● **MATERIAL PROVIDED**
____
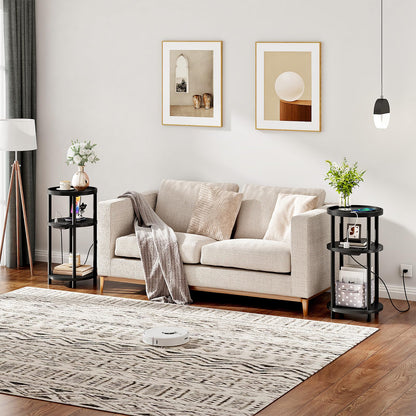 HOOBRO 3-Tier Bamboo Round Side Table with Charging Station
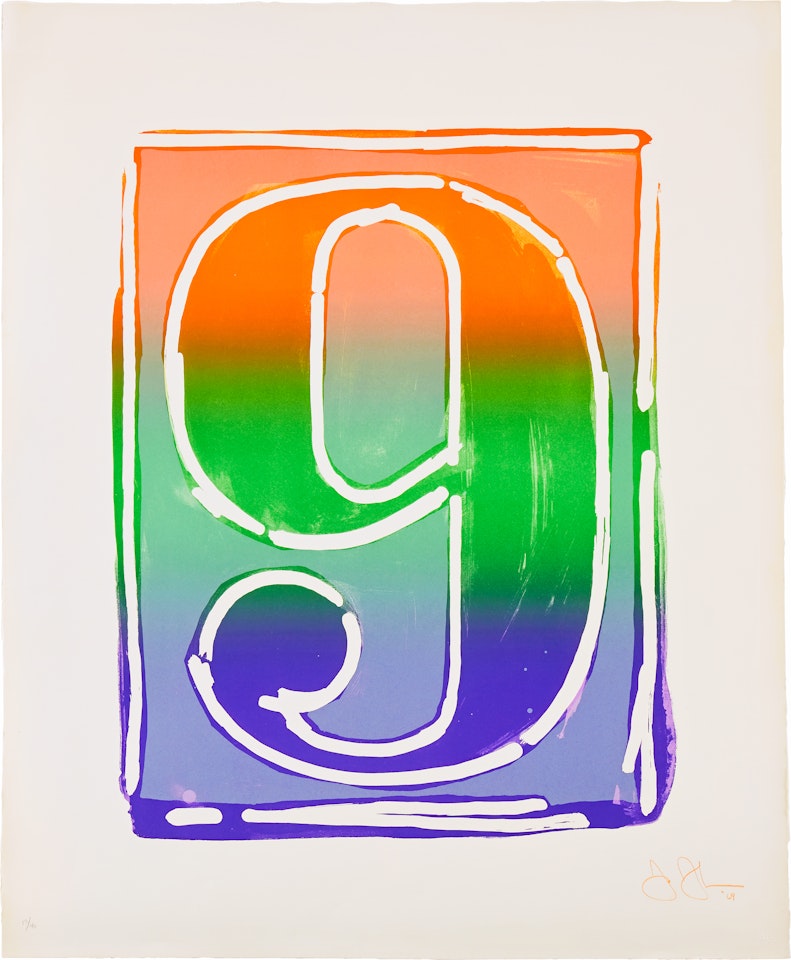 ”Figure 9” from Color Numeral Series; Gemini 125. ULAE 68. by Jasper Johns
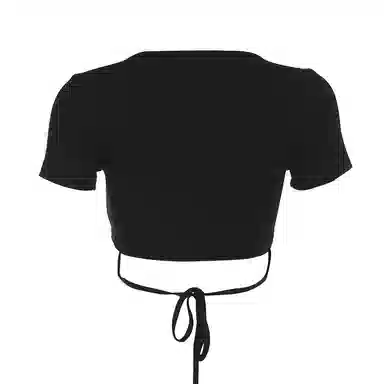 JUFU V-Neck Slim Fit T-Shirt Black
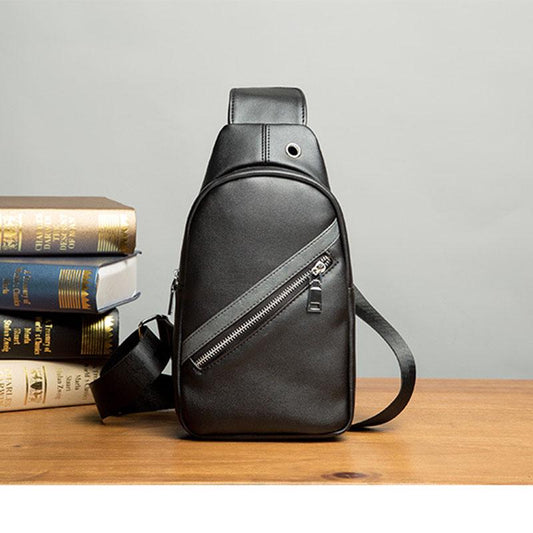 Chest Bag Men Black Waterproof Multi-pocket Crossbody Bag Outdoor Leisure Sports Shoulder Bag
____
● **PROBLEM STATEMENT**
Produce a verbatim copy of the listing, leaving out all pictures.

● **ANSWER TO THIS EXERCISE**
 HOOBRO 3-Tier Bamboo Round Side Table with Charging Station
 ”Figure 9” from Color Numeral Series; Gemini 125. ULAE 68. by Jasper Johns
 JUFU V-Neck Slim Fit T-Shirt Black
 Chest Bag Men Black Waterproof Multi-pocket Crossbody Bag Outdoor Leisure Sports Shoulder Bag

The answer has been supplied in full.